Laut penibelsten Erhebungen der Polizei hatte das Duo, das sich im Sommer vor acht Geschworenen verantworten muss,  den heimtückischen Anschlag monatelang bis ins kleinste Detail geplant. Die beiden Männer sollen sich im Internet über den Bau von Sprengfallen informiert und die dazu notwendigen Utensilien geordert haben. Laut Anklageschrift sollen sie sogar eine "Probebombe" gebastelt haben, die sie im Sommer 2019 in einem Wald zündeten.

"Ich möchte meinen Kindern einen normalen Familienalltag ermöglichen."

Am Morgen des 1. Oktober 2019 – so der Vorwurf – platzierte der Ex-Partner die Paketbombe vor dem Wohnhaus seiner Ex, wartete, bis sie vor die Türe trat und ließ die Höllenmaschine dann mittels Fernzünder detonieren. Motiv dürfte ein Sorgerechtsstreit gewesen sein.

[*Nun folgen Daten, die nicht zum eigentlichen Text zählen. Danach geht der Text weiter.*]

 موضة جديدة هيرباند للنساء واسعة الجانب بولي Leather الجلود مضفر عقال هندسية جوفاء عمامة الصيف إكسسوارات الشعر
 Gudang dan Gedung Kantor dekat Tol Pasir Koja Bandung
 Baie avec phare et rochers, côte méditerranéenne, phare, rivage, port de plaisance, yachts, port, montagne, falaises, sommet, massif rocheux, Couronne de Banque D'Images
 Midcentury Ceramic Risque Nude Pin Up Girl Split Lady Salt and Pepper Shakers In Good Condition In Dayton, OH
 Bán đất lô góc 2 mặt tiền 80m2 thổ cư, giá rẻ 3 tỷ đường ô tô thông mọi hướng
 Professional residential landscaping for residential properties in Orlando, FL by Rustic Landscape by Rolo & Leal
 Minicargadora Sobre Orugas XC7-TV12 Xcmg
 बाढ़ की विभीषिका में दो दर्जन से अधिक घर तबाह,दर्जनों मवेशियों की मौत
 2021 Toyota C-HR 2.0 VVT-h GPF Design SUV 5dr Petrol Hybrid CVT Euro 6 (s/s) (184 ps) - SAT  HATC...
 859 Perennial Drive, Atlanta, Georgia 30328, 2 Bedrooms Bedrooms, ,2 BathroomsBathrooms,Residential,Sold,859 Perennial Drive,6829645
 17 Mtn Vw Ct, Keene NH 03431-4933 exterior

Zwillinge ausnahmsweise nicht dabei

Im "Thema"-Interview versucht das Opfer sogar noch einen positiven Aspekt an der Tragödie zu finden – nämlich, dass ihre Kinder durch eine Ausnahme nicht dabei waren, als sie an jenem verhängnisvollen Morgen vor die Türe trat. Angelika V.: "Ich bin sonst kein einziges Mal die Post ohne meine Zwillinge holen gegangen. Weil ich hab' immer Angst gehabt, dass sie sich irgendwie weh tun könnten, oder sonst irgendetwas. Das war wirklich der Ausnahmetag. Gott sei Dank!"

Besonders berührend: Die dreifache Mami ist für ihre Kinder so stark, wie sie im TV erklärt: "Es ist eigentlich ein sehr ungutes Gefühl in die Öffentlichkeit zu gehen. Aber für mich war es klar, entweder ich steh' da drüber, oder ich werd’s nie wieder schaffen nach draußen zu gehen. Da ich meinen Kindern einen normalen Familienalltag ermöglichen möchte, war das eigentlich meine Pflicht."